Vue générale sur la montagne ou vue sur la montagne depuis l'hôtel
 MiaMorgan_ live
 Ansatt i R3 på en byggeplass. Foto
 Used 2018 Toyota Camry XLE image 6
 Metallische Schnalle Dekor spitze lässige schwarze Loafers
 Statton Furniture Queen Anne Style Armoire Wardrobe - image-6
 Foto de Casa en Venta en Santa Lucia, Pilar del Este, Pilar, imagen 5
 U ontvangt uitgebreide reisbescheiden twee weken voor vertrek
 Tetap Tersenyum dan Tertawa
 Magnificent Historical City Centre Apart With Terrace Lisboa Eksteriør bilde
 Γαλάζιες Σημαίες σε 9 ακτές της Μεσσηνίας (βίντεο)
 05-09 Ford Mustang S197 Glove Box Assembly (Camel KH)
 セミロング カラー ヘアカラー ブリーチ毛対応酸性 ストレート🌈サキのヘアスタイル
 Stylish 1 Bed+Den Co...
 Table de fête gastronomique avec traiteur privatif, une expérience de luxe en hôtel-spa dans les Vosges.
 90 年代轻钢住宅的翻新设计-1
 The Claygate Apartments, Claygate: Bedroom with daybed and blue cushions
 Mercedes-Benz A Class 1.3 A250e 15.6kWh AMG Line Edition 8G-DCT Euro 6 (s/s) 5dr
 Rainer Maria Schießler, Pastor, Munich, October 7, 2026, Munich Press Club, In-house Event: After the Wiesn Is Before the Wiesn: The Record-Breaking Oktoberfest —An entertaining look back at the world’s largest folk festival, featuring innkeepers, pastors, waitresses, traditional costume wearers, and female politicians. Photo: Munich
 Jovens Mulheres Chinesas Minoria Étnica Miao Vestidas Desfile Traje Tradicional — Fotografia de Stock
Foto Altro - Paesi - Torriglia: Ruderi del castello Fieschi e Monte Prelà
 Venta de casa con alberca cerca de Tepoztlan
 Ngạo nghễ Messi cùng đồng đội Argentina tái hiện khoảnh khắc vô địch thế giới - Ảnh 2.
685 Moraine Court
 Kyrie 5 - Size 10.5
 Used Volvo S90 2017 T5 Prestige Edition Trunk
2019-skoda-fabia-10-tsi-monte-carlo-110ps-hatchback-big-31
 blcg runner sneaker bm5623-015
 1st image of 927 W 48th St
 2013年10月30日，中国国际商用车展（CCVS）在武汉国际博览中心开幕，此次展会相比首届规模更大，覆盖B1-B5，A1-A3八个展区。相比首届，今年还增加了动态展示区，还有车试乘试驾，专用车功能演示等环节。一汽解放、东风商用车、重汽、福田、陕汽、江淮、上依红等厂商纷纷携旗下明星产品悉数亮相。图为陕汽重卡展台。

※

▶ What needs to be done
Please go through the data above and copy every line that has the word "Used".

▶ Exercise answer
 Used 2018 Toyota Camry XLE image 6
 Used Volvo S90 2017 T5 Prestige Edition Trunk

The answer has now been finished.